España es un país altamente envejecido, sólo superado por Japón. Sin embargo, es llamativo lo poco que apreciamos a las personas mayores a nivel público. Vivimos en una sociedad que ha elevado la juventud a nuevo Dios. La buscamos, vemos en ella la solución a muchos problemas, vivimos de forma culposa no experimentarla (estar gordos, calvos, tener arrugas…) y la adoramos continuamente.

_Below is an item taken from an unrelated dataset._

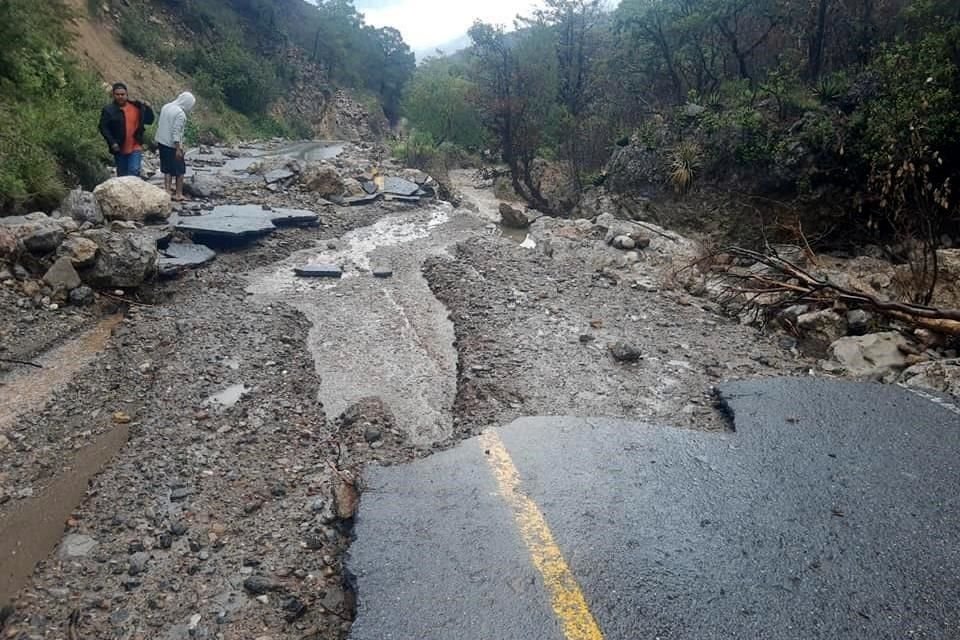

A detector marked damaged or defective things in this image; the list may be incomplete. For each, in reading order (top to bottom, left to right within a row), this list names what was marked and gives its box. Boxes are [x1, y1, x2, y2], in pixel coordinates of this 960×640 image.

broken asphalt slab [350, 378, 960, 636]
broken road surface [350, 380, 960, 640]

Sus profetas están en forma de figuras de famosos por los que parece no pasar los años y hay verdaderos rituales (de cuidado de la piel, de maquillaje, de rutinas de ejercicio…) para venerarla y conseguir su gracia.
Hace tan sólo unas generaciones, y de forma mayoritaria en la historia, las personas intentaban parecer con experiencia, veteranas y fogueadas en la vida. Ahora, en cambio, la ropa deportiva parece haberse convertido en el fondo de armario, y prendas que hace 15 años se asociaban a la adolescencia, como las sudaderas con capucha, están en el armario de los cuarentones (me incluyo a mis 38 añazos). También se han generalizado placeres y costumbres que antes asociábamos solo a la juventud: los videojuegos, el deporte, salir de copas…
Pero no solo ocurre con las personas, también parece que lo viejo ya no gusta en el mundo de las ideas, y que sólo tiene valor lo innovador, lo tecnológico, lo que se reinventa.
Todo esto no tiene una implicación sólo en la estética o en lo que nos atrae, sino sobre todo en cómo se construye la sociedad y sus manifestaciones: a pesar de que probablemente sean los mejores clientes de los bancos, todo gira entorno a las APPs tecnológicas que apenas saben usar los ancianos; a pesar de que se les tiene en cuenta por su fuerza de voto, apenas hay personas con canas en los gobiernos de las instituciones políticas o se oye la voz de los “veteranos” del partido, que cuando hablan, se les suele desautorizar y acusar de chochear.
Las ciudades se construyen con skateparks, instalaciones para deporte al aire libre como la calistenia o campos específicos para perros, pero cada vez tienen menos bancos para los ancianos o las cafeterías de toda la vida en las que echar la tarde, empalmando cafés y charlas. Se cambian por cadenas de comida rápida o tostaderos de especialidad de café con nombres impronunciables y precios altísimos, muy enfocados a tener wifi y espacio para el portátil, pero poco para hablar sin más o jugar a las cartas.
Pero no sólo ocurre en lo público, también en lo privado, en el hogar: Los padres cuentan con los abuelos para educar a los nietos, pero no quieren que aporten su conocimiento en la crianza, enfadándose cuando no aplican sus nuevos métodos del psicólogo de turno o la moda educativa actual. El abuelo para avalar con su pensión (como único ingreso fijo y estable de la familia) la ortodoncia del adolescente, pero no para que éste vaya a verle y le alivie la soledad (o se la alivien, que no sé yo si tanta pantalla e hiperconectividad es compañía real).
Eso sí, entre todo lo políticamente correcto que impera en nuestros días, ya no se les llama viejos, sino tercera edad o “seniors”.
Sin entrar en cuestiones morales, que en parte lo hago por no juzgar y en parte porque me parece tan obvio que señalarlo es hasta de necios, el impacto psicológico y de salud pública de todo esto es brutal. La soledad como uno de los problemas más graves de nuestra sociedad, altos índices de depresión y ansiedad en las personas mayores, ancianos que se pasan el día en el médico por sentirse atendidos y que acaban hipermedicados (lo que nos afecta a todos porque las colapsan y el enorme gasto sanitario que podría destinarse por ejemplo a psicólogos si fuesen más escuchados) o un pánico desmedido (y cómodo) a envejecer en quienes se van acercando a la vejez con verdaderas regresiones de inmadurez, egoísmo narcisista o luchas perdidas de antemano contra el paso del tiempo que nos permitiría ahorrarnos muchas escenas de vergüenza ajena si todo esto no se diera.
No sé si nos hemos vuelto locos, deshumanizados o esta es nuestra maldita venganza por ser conocedores de que no vamos a vivir jamás con la estabilidad y calidad de vida que ellos han tenido en estos tiempos de cambio y crisis constante.